* TO DO: Where the material below has a line containing "LEITZ Classeur à", start repeating exactly, and keep going through the line containing "Used 2021 Chevrolet Tahoe LT SUV", with no other lines.

* PROVIDED DATA:
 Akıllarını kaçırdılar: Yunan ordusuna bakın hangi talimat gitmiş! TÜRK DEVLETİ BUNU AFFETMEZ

---

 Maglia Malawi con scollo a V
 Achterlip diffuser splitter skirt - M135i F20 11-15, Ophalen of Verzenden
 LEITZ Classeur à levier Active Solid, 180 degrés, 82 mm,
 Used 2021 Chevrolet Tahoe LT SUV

* OUTPUT BELOW:
 LEITZ Classeur à levier Active Solid, 180 degrés, 82 mm,
 Used 2021 Chevrolet Tahoe LT SUV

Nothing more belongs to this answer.